9. A particle separator according to claim 7 including deflectors carried by said tubes for substantially reversing the direction of gas flow from the cyclone chamber through the slots into said conduit, said deflectors extending from said tubes in a tangential direction relative to the direction of the flow of said stream about said axis and extending from the tubes generally in the same direction as said flow.

10. A particle separator according to claim 7 wherein said tubes are generally drop-shaped in cross-section with the apices of the drop-shaped tube extending generally tangential to and in the same general direction as the direction of the flow of said stream about said axis whereby one side surface of the drop-shaped tube contacts the flow stream and the other side surface contacts the gases within the conduit.

11. A particle separator according to claim 1 in combination with a fluidized bed reactor.

12. A particle separator according to claim 11 wherein said reactor has an uptake defined by opposed walls with said cyclone chamber lying adjacent the upper end of said uptake, one of said walls adjacent the upper end of said uptake extending toward the opposite wall to define said inlet duct.

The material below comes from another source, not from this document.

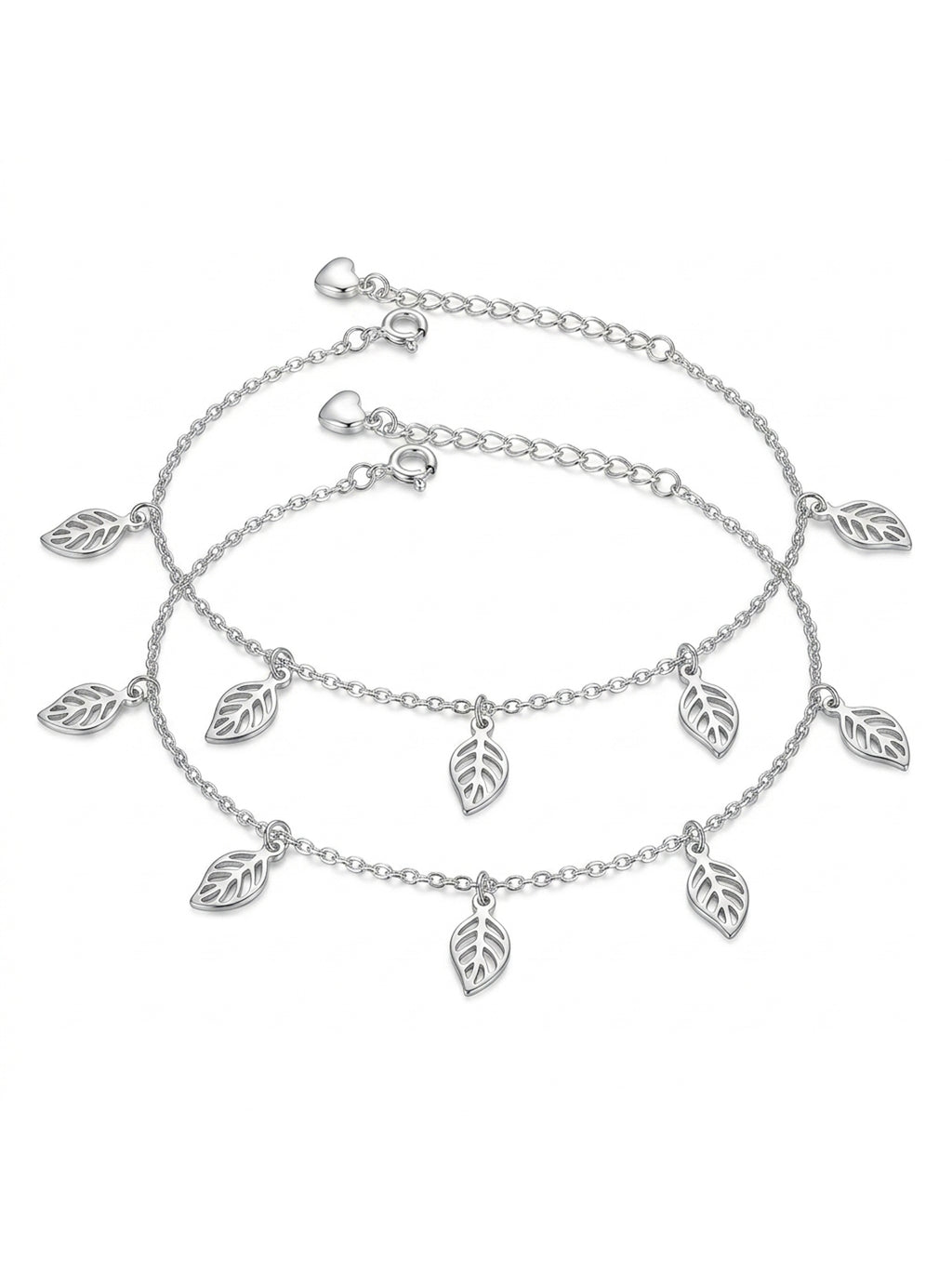 Hollow Leaf Charm Anklet Set of 2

13. A particle separator according to claim 12 wherein said reactor includes an outer wall adjacent said one wall, the lower portion of said one wall defining with said outer wall said solids outlet.

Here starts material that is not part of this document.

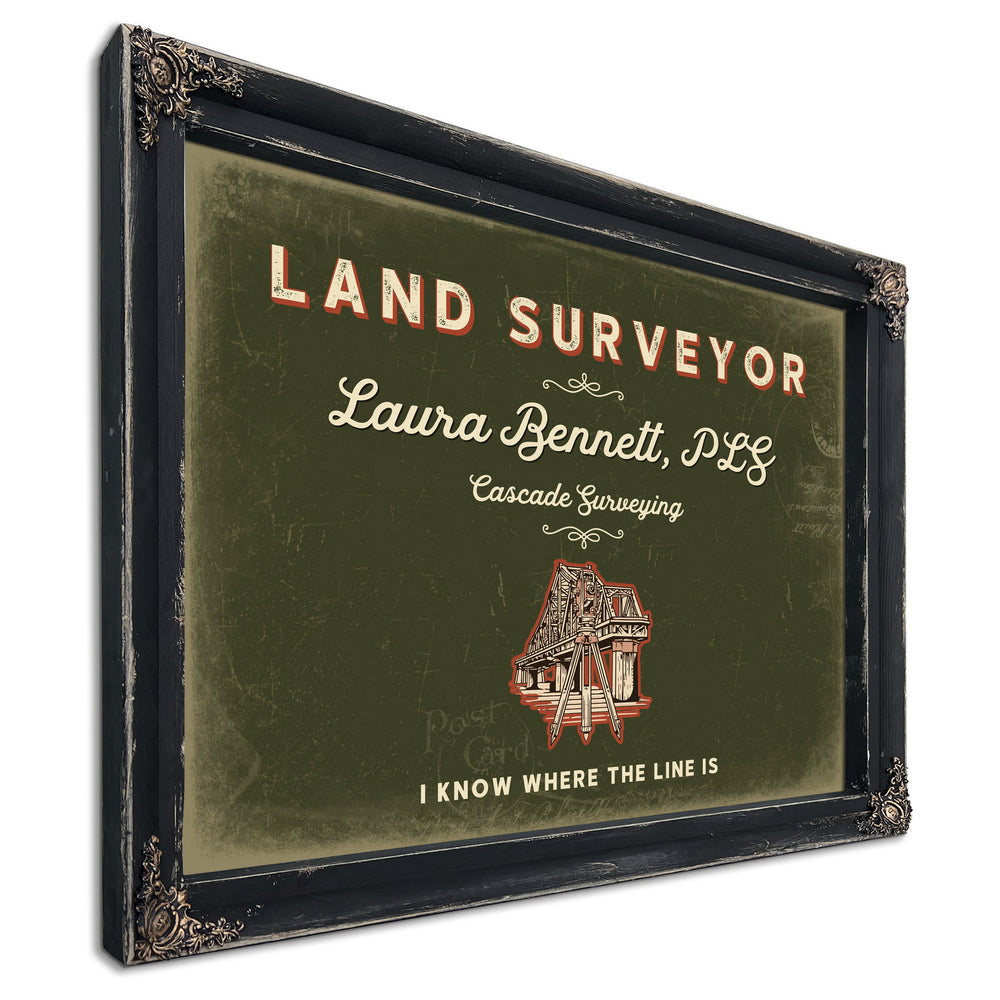 Personalized Land Surveyor Sign, I Know Where the Line Is, Olive & Brick, image 1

14. A particle separator for separating solids and gas in a hot gas stream having solids entrained therein comprising:

a cyclone chamber having an axis and means for guiding the stream of hot gases with entrained solids about an axis;

an inlet duct in communication with said cyclone chamber for introducing the stream into said cyclone chamber;

at least one outlet from said cyclone chamber for removing the solids separated from the stream in the cyclone chamber; and

means defining a conduit disposed in said cyclone chamber and having a gas outlet, said conduit means having a plurality of passages adapted to receive a coolant, said conduit means having a plurality of openings providing for passage of the gas from the cyclone chamber into said conduit in heat exchange relation with said plural passages whereby cooled gases flow through said gas outlet.

15. A particle separator according to claim 14 wherein said openings in said conduit means are located to provide a change in direction of the gas flow in said cyclone chamber from a generally circumferential direction to a generally radially inward direction into said conduit.

16. A particle separator according to claim 14 in combination with a fluidized bed reactor, wherein said reactor has an uptake defined by opposed walls with said cyclone chamber lying adjacent the upper end of said uptake, one of said walls adjacent the upper end of said uptake extending toward the opposite wall to define said inlet duct.

17. A particle separator according to claim 16 wherein said reactor includes an outer wall adjacent said one wall, the lower portion of said one wall defining with said outer wall said solids outlet.

18. A method for separating solids and gases in a stream of hot gases and solids entrained in said hot gases comprising the steps of:

guiding the stream in a cyclone chamber for flow about an axis to separate the solids and the gases in the stream; and

diverting the flow of gases through a plurality of slots formed by tubes constituting a conduit extending generally in said axial direction;

flowing a coolant through said tubes.

19. A method according to claim 18 including diverting the flow of the stream from a generally circumferential direction about said axis to a flow directed inwardly generally toward said axis.

20. A method according to claim 18 in combination with a boiler having an uptake with the cyclone separator disposed adjacent the upper end of the uptake and including the steps of flowing the stream of hot gases with entrained solids upwardly from said boiler along said uptake, guiding the stream to one side of the uptake for entry into the cyclone chamber along a generally tangential path and guiding the solids removed from the stream downwardly to the boiler along the opposite side of the uptake.

21. A method according to claim 18 including forming said tubes to a predetermined cross-sectional shape to increase their contact surface area in heat exchange relation between the hot gases and coolant.